> _Data block_:

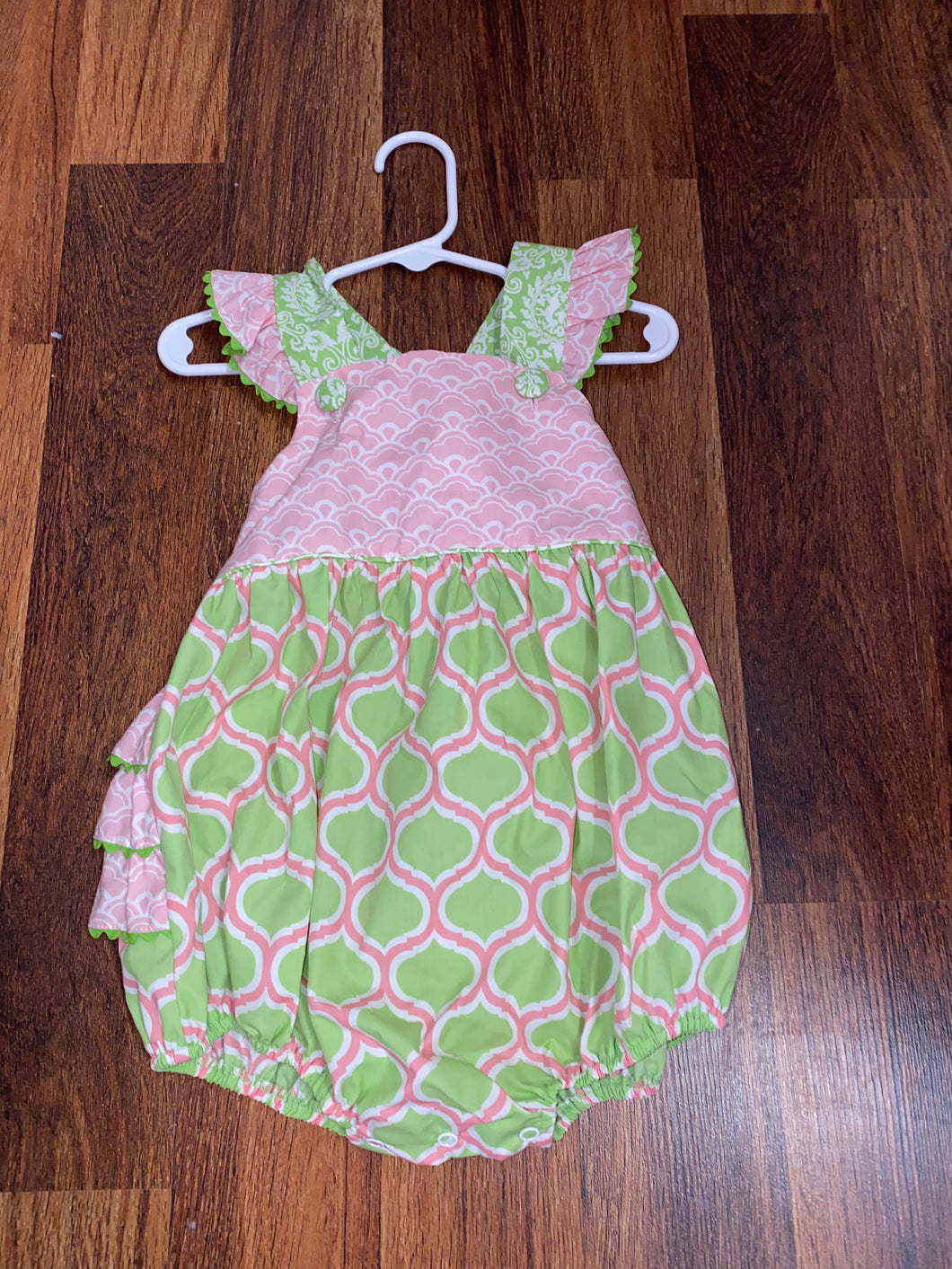 NWT Shrimp and Grits Kids 2t bubble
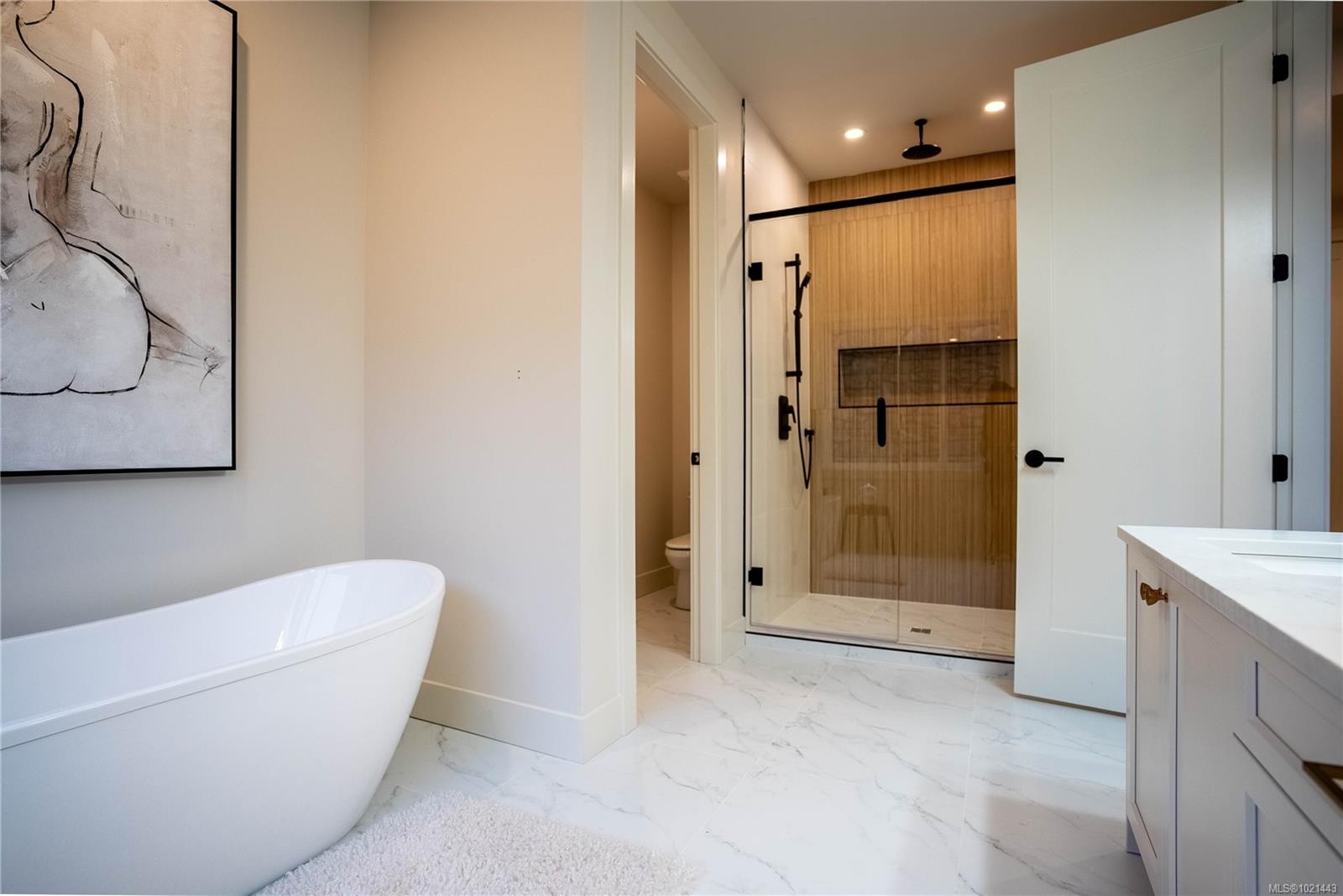 1565 Marble Pl, Langford, BC - Indoor Photo Showing Bathroom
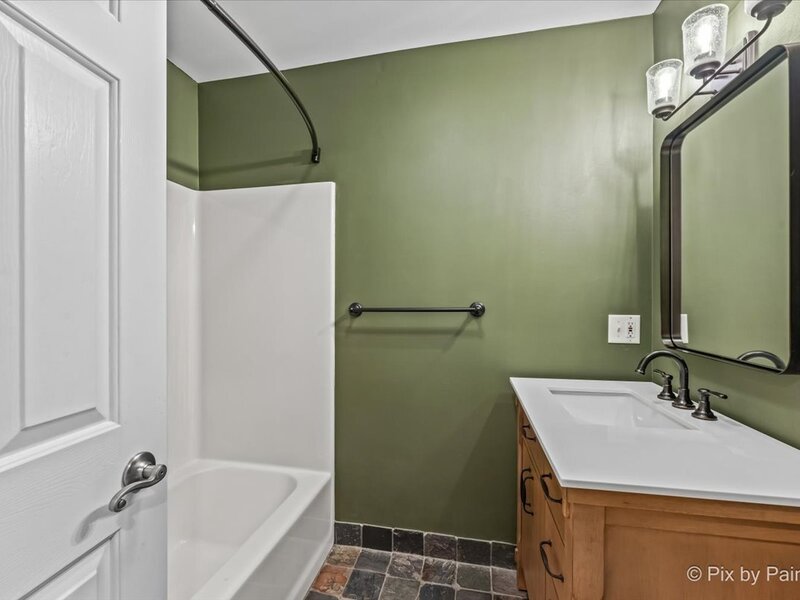 2439 N Kedzie Boulevard Chicago IL 60647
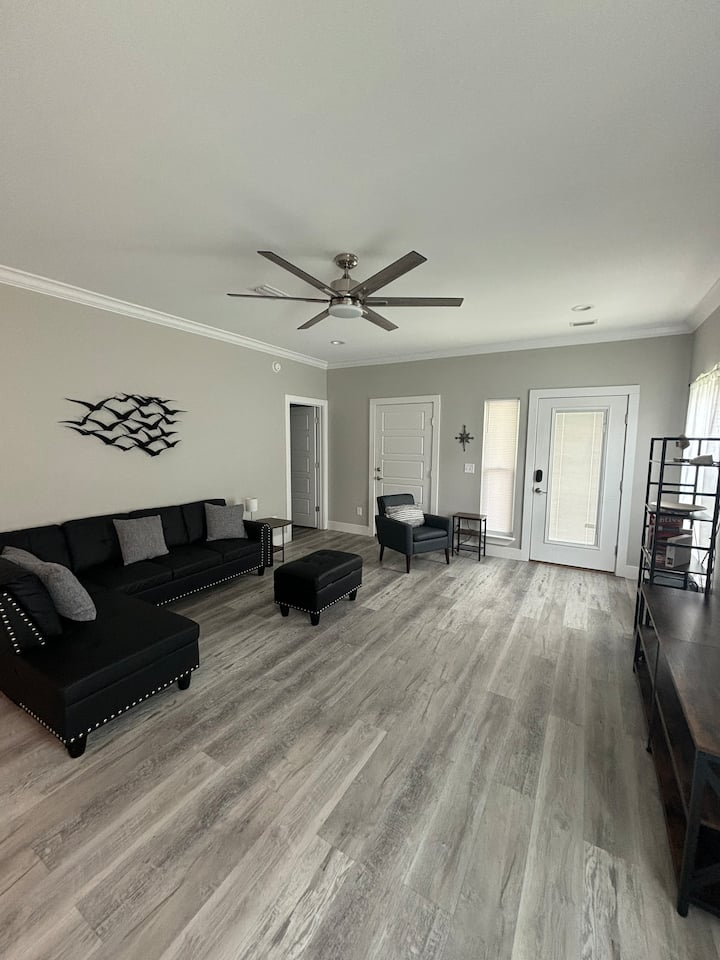 Coast Of Alabama House () Fenced-yard () - Foley, AL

> _Exercise_: Omit the pictures and output all remaining material exactly.

> _Answer area_:
 NWT Shrimp and Grits Kids 2t bubble
 1565 Marble Pl, Langford, BC - Indoor Photo Showing Bathroom
 2439 N Kedzie Boulevard Chicago IL 60647
 Coast Of Alabama House () Fenced-yard () - Foley, AL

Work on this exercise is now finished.